*** Data extract Section Begins ***
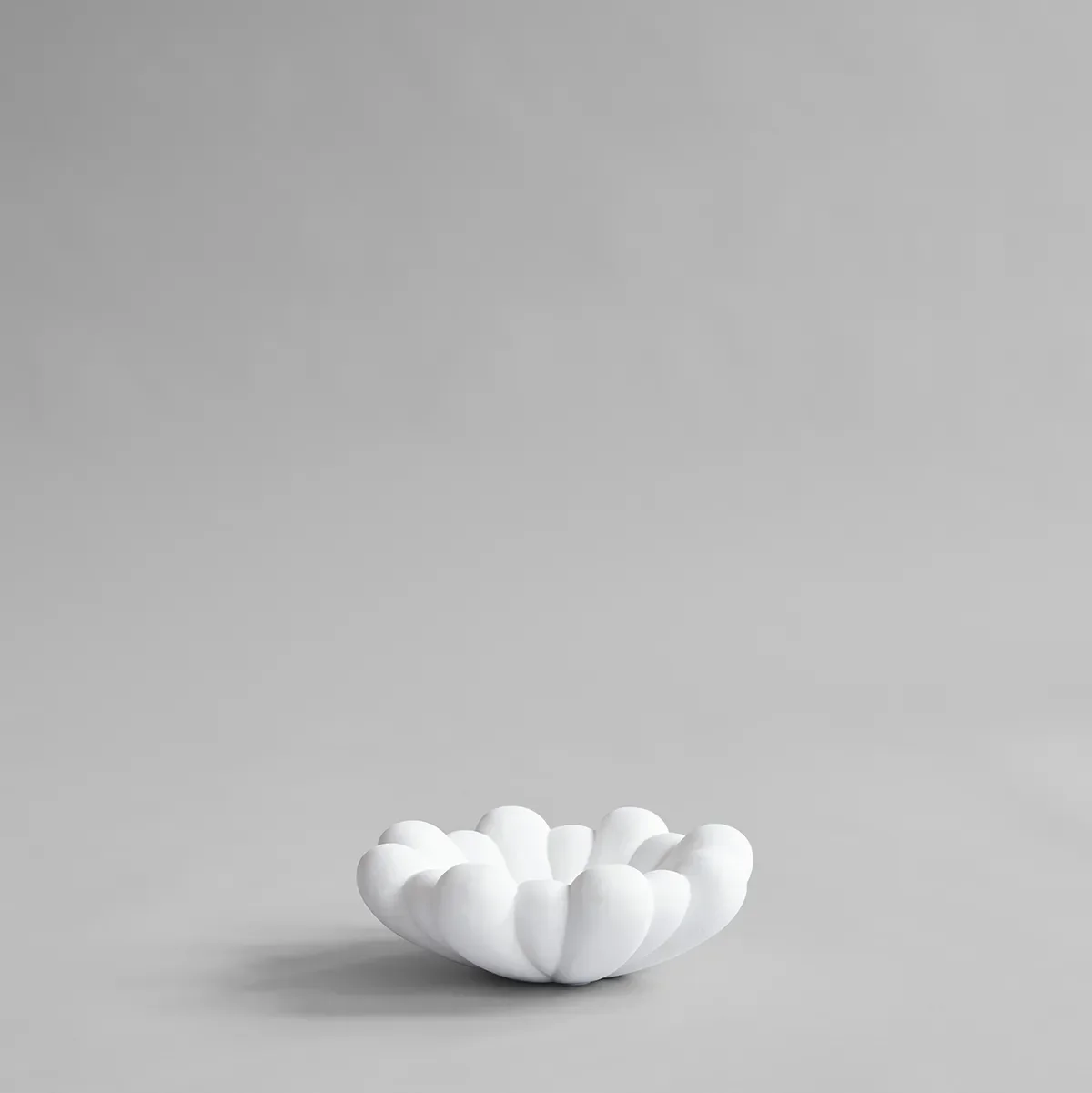 Håndlavet Dekorationsskål Bloom Bone White Ø 28,5 cm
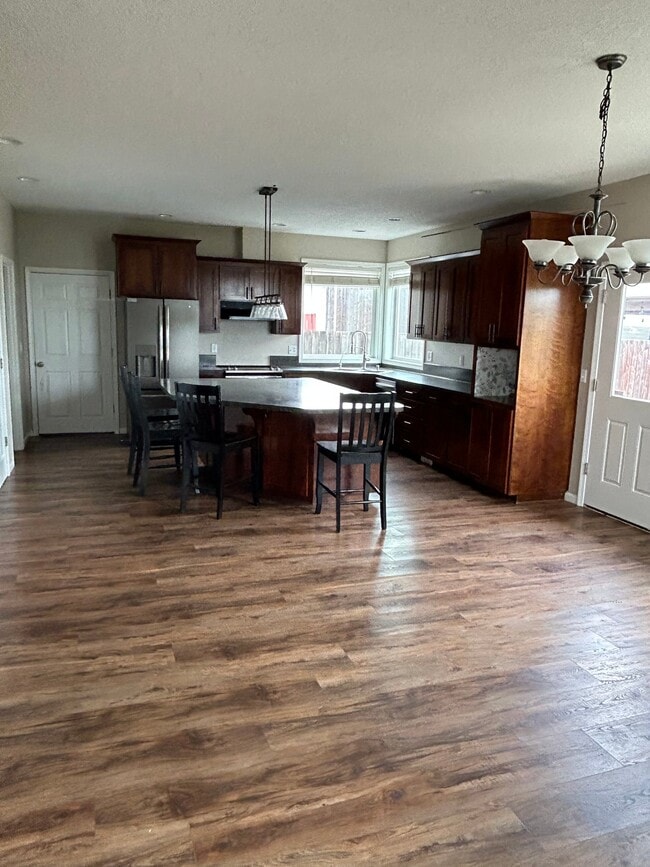 5377 Waconda Rd NE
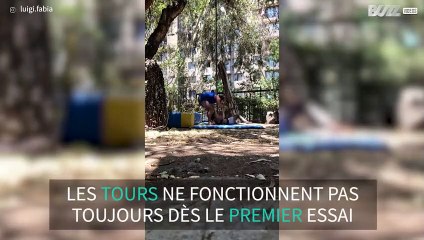 Cet acrobate rate son mouvement et tombe douloureusement au sol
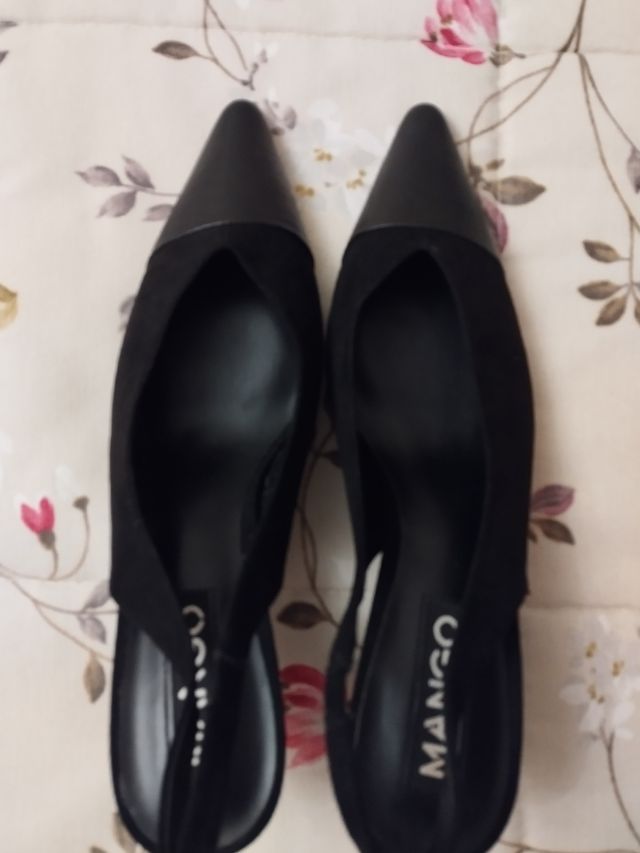 Zapatos destalonados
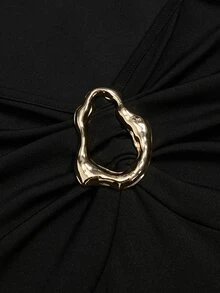 Fine & Folde Gaun Pendek Slim Fit Warna Hitam Polos untuk Wanita, Lengan Panjang Elastis, Leher Persegi, Model Berpilin di Depan, Dekorasi Cincin Logam, Hem Berumbai Kontras Putih, Melangsingkan - MultiWarna - View 5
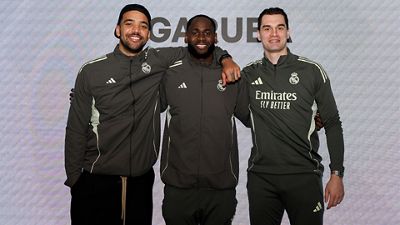 Lyles, Garuba y Hezonja, protagonistas en la sesión de firmas en la Tienda Oficial Bernabéu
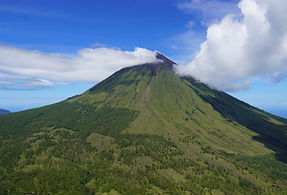 Volcan Inerie sur l'ile de Flores en Indonésie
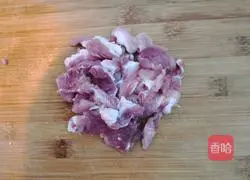 Illustration of how to make mushroom and wolfberry lean meat soup 3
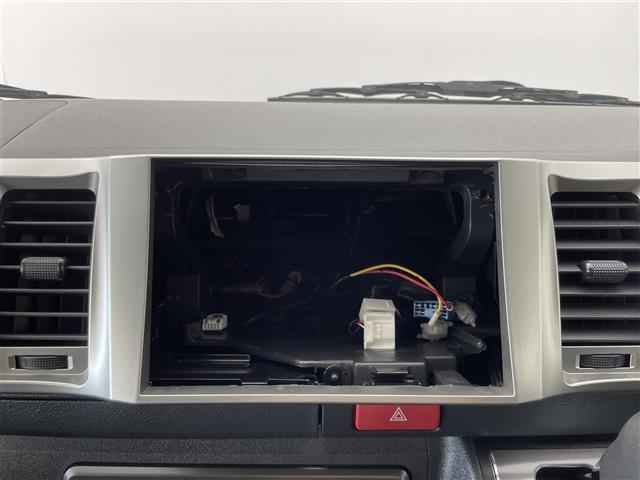 ハイエースバン スーパーGL ダーク プライムII 特別仕様車 寒冷地仕様 モデリスタエアロ 両側パワースライドドア トヨタセーフティセンス ハーフレザーシート バックカメラ LEDヘッドライト AC100V電源 プッシュスタート 4WD 禁煙車(16枚目)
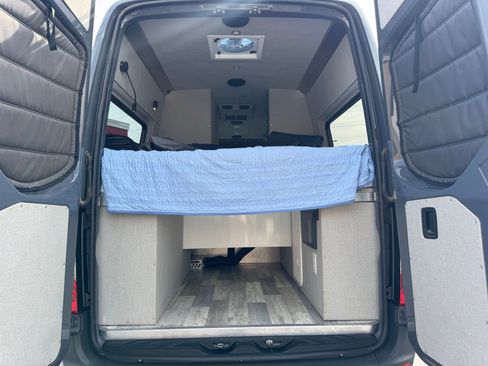 Used 2020 Mercedes-Benz Sprinter 2500 image 9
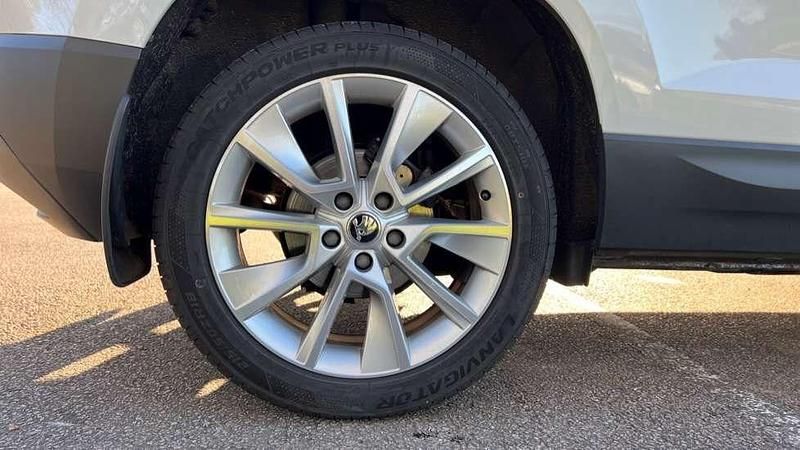 Used Skoda Karoq SE L 110 HP (80 kW) 2022 White SUV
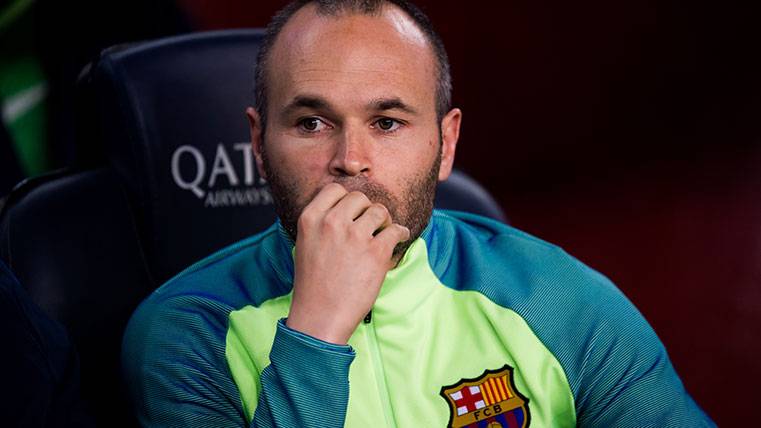 Andrés Iniesta goes back to go through muscular problems in the Barça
*** Data extract Section Ends ***
▶ _Work request_:
Exactly the lines from the line with "5377 Waconda Rd NE" through the end of the data are to be reproduced, and no picture is to be included.

▶ _Result for this task_:
 5377 Waconda Rd NE
 Cet acrobate rate son mouvement et tombe douloureusement au sol
 Zapatos destalonados
 Fine & Folde Gaun Pendek Slim Fit Warna Hitam Polos untuk Wanita, Lengan Panjang Elastis, Leher Persegi, Model Berpilin di Depan, Dekorasi Cincin Logam, Hem Berumbai Kontras Putih, Melangsingkan - MultiWarna - View 5
 Lyles, Garuba y Hezonja, protagonistas en la sesión de firmas en la Tienda Oficial Bernabéu
 Volcan Inerie sur l'ile de Flores en Indonésie
 Illustration of how to make mushroom and wolfberry lean meat soup 3
 ハイエースバン スーパーGL ダーク プライムII 特別仕様車 寒冷地仕様 モデリスタエアロ 両側パワースライドドア トヨタセーフティセンス ハーフレザーシート バックカメラ LEDヘッドライト AC100V電源 プッシュスタート 4WD 禁煙車(16枚目)
 Used 2020 Mercedes-Benz Sprinter 2500 image 9
 Used Skoda Karoq SE L 110 HP (80 kW) 2022 White SUV
 Andrés Iniesta goes back to go through muscular problems in the Barça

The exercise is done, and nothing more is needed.